Elbląskie Targi Pracy odbywają się od 9 lat. Wczorajsza, jesienna edycja była już 18-tą. Pojawiło się na niej w sumie 64 wystawców, z czego niecałą połowę stanowili pracodawcy. Nie zabrakło również agencji pracy i zatrudnienia, których stale przybywa. Ponadto tradycyjnie swoje stoiska mieli m.in. ZUS, Urząd Skarbowy, Policja, Państwowa Inspekcja Pracy oraz firmy szkoleniowe, szkoły i stowarzyszenia.

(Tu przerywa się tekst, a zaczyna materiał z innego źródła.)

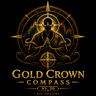 Gold Crown Compass
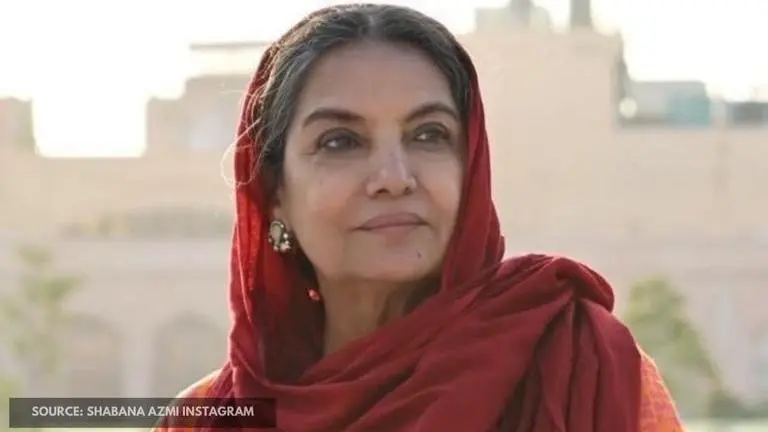 Shabana Azmi returns home post car-accident recovery; thanks fans for 'prayers & wishes' shabana azmi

- Oferty są z różnych branż, począwszy od meblarskiej, przez budowlaną, elektryczną, mechaniczną, a także administracja, szkolnictwo, opieka nad osobami starszymi, czy praca dla konsultantów call center – mówiła podczas otwarcia targów Iwona Radej, dyrektor Powiatowego Urzędu Pracy w Elblągu.
Niestety, wielu pracodawców poczuło niedosyt wśród potencjalnych pracowników. Zdecydowana większość z nich to osoby o niskich kwalifikacjach. Części z nich w ogóle nie zależy na znalezieniu pracy. Problemem wśród osób poszukujących pracę jest brak umiejętności wymaganych przez pracodawców. W tym miejscu pojawia się główny problem – pracodawcy chcą kompetentnego pracownika, których brakuje. Nie są również zainteresowani szkoleniem ich z własnych pieniędzy przez dość długi czas, gdyż wiąże się to z dodatkowymi kosztami.
Okazuje się, że doszło do momentu, kiedy są oferty pracy i osoby bezrobotne. Problem w tym, że rynek pracy nie jest w stanie wchłonąć bezrobotnych ze względu na ich niskie kompetencje.